Other researchers are exploring possibilities that measurements such as volumetric change rates, structural connectivity by diffuse tensor imaging, and functional connectivity by resting-state MRI could serve as biometrics. Future research may also yield additional suitable and useful imaging biomarkers for FTD detection and monitoring.
Fluid biomarkers
Research during the past few decades has led to the discovery of novel cerebrospinal fluid (CSF) and blood biomarkers for AD evaluation. Fluid biomarkers are also an area of intense research in the effort to develop a useful test that can reliably detect, differentiate, and prognosticate FTD.

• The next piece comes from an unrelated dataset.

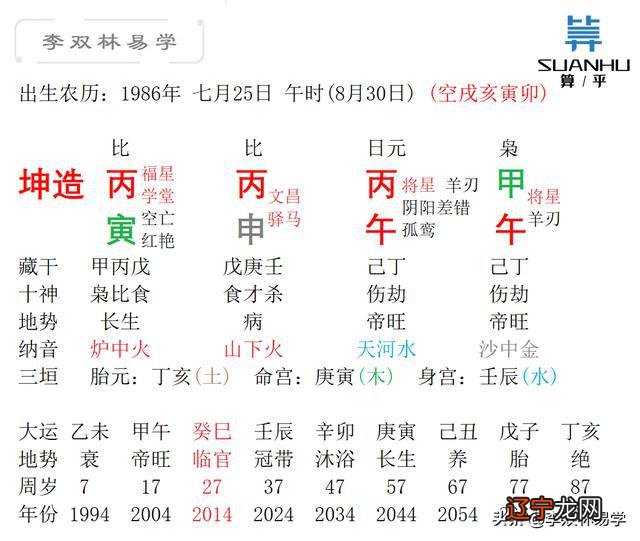 康熙丙寅湖广填四川_丙寅日柱2016_丙寅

One such biomarker is neurofilament light chain (Nfl), a protein which is released into the CSF and blood in response to axonal injury in AD, FTD, multiple sclerosis, and atypical Parkinson’s disease. In all forms of FTD, Nfl levels may be a few-fold higher than is seen in healthy people and is observable in the condition’s pre-symptomatic phase. Its level of fluctuation has been predictive of the progression into the symptomatic stage and longitudinally correlates with severity of the disease, irrespective of the FTD subtype. Although presence of Nfl is not specific to FTD, it can rule out psychiatric disorders and consolidate the FTD diagnosis in conjunction with other means of assessment.8
In contrast to CSF testing that is obtained invasively with potential risks, accessibility of Nfl via blood means it may be a more useful and affordable biomarker. Other blood proteins such as tau, TDP 43, and miRNA have been investigated for their potential as biomarkers, but to date they have not shown sufficient clinical utility as they lack specificity to FTD.

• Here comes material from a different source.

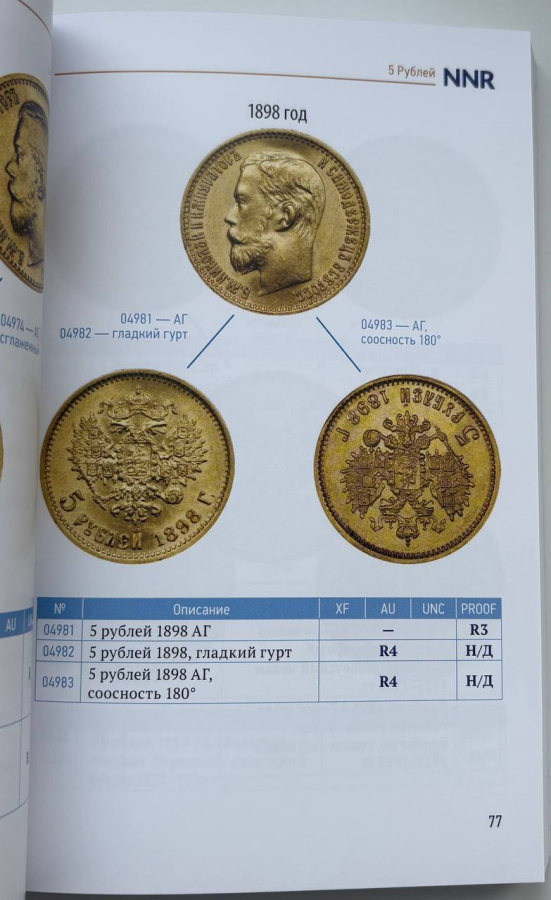 Николай II. Каталог монет. Сидоров В.Ю. Издание 2026 г.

The blood-brain barrier also blocks passage of many intracranial proteins into the blood, hence CSF protein levels may be more reflective of the proteinopathy and neuronal flux in FTD and other dementias. Similar disease-marking proteins in CSF were the primary candidates investigated, and they have shown some diagnostic potentials. However, the invasive nature of lumbar puncture and its cost have restricted utilization of CSF biomarkers to research.7
Currently, there is no single diagnostic test for FTD and its subtypes. Assessment and diagnosis continue to rely on symptomatology with established neurocognitive decline, and imaging investigation looks for structural and functional alterations. Where appropriate and available, genetic testing and fluid biomarkers have added much value to the diagnostic process.
Conclusion
Research is providing a better understanding of FTD – its complexities, its syndromes, and its variants. Revelations about its underlying genetic-molecular mechanisms have also opened up understanding of the many biological pathways involved in FTD, thus helping to expedite and hopefully simplify the diagnostic process, and also to discover effective medical treatment.
People affected by FTD have historically had challenging clinical experiences, with symptoms and delays in diagnosis often leading to social isolation, unemployment, and early mortality. As the disease progresses, affected individuals lose their independence and require intense social and physical support. Risk products can make a critical difference: These are the very types of health impairments the insurance industry looks to help so as to ease some of their devastating support needs. By being vigilant and by applying fresh and updated knowledge, insurers can provide meaningful help for these serious conditions.